Japanese current account surplus dips
TOKYO - Agence France-Presse
A man cycles in a shipping container area in Tokyo in this file photo. Weak exports hit Japan’s current account surplus in 2011-2012 fiscal year dropping to $99 billion. REUTERS photo
Japan’s current account surplus halved in the year to March, a record year-on-year fall on higher fuel costs and weak exports, and the nation’s smallest surplus since the mid-1990s.Japan logged a surplus of 7.893 trillion yen ($99.0 billion) in the 2011-12 fiscal year, down 52.6 percent from a year earlier and the smallest yearly surplus since fiscal 1996, data from the finance ministry showed. The year-on-year percentage drop was the sharpest since comparable data began in fiscal 1985, according to the ministry.

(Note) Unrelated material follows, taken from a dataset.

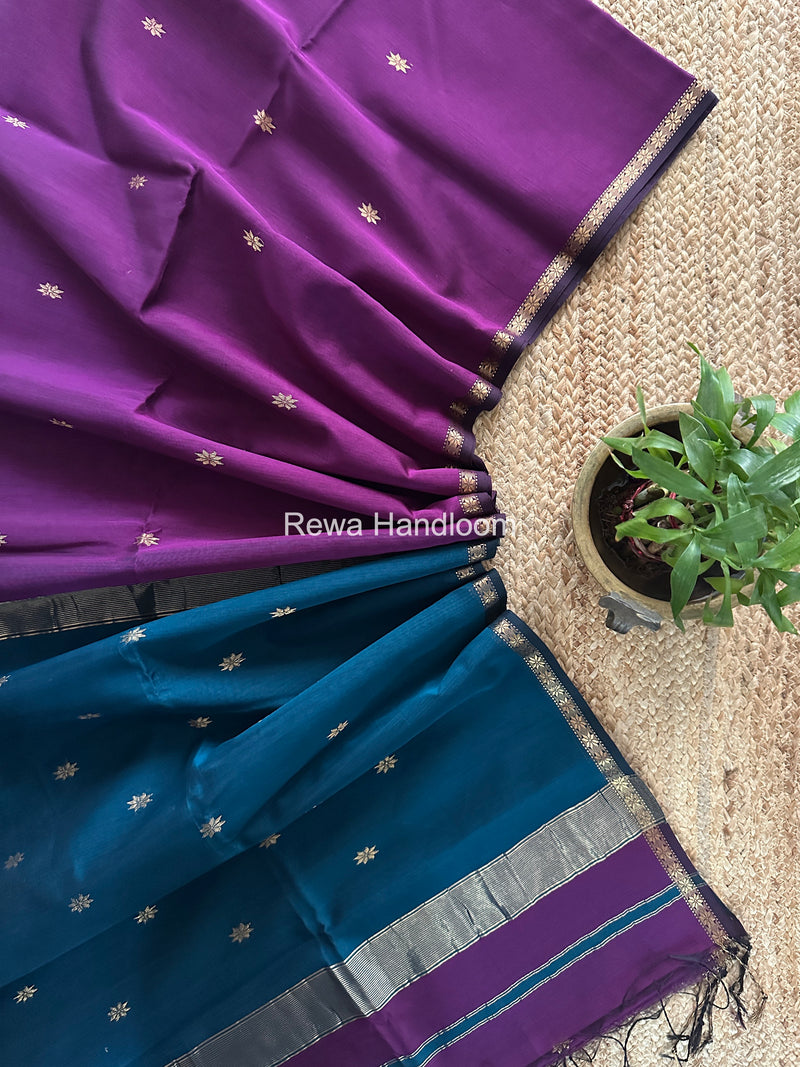 Purple Star Butti Maheshwari Saree SSB028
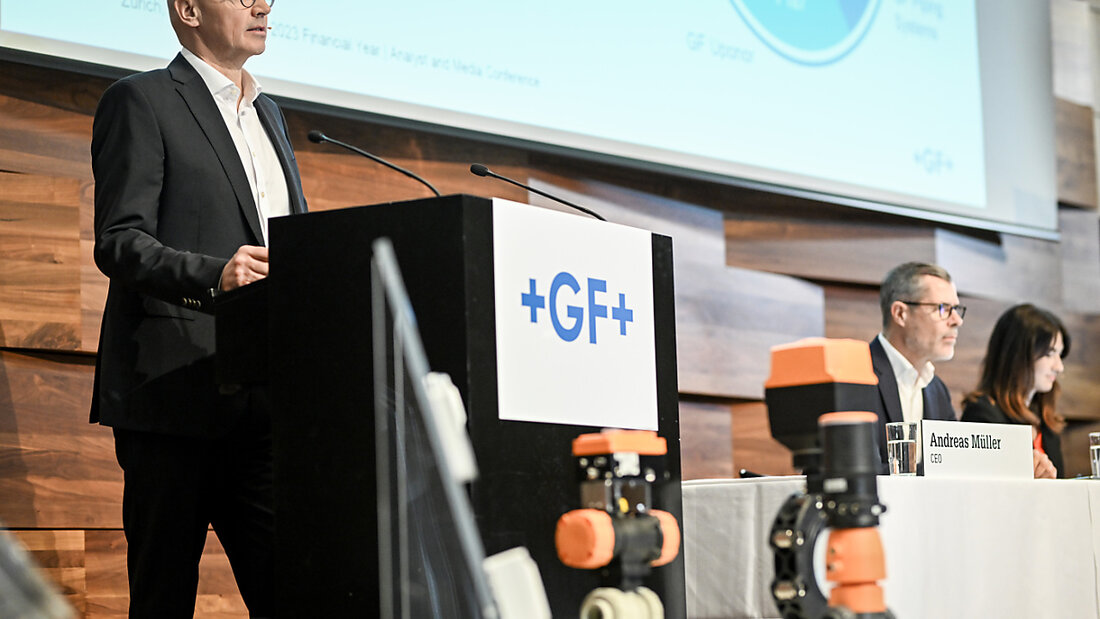 Georg Fischer (GF) unter Konzernchef Andreas Müller hat im Geschäftsjahr 2024 markant mehr Umsatz gemacht. Dafür ist vor allem die 2023 erfolgte Übernahme der finnischen Uponor verantwortlich. (Archivbild) 20250226070706947.jpg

The latest reading, the broadest measure of Japan’s trade with the rest of the world, came as the debt crisis in Europe –a key market for Japanese exports– and the soaring yen weighed. The country’s current account balance has taken a hit since the March 2011 quake-tsunami disaster, which pounded the world’s third-largest economy.
Nuclear reactor shutdowns following the crisis have left Japan without atomic power for the first time since the 1970s, stoking fears about energy shortages.
Nuclear power had previously supplied about one-third of the resource-poor nation’s energy needs.
Imports in the year to March soared 14.0 percent because of higher oil prices as well as increased demand for fossil fuel to ramp up thermal power generation as last year’s tsunami-sparked nuclear disaster spawned anti-atomic sentiment.
Exports over the same period fell 2.8 percent.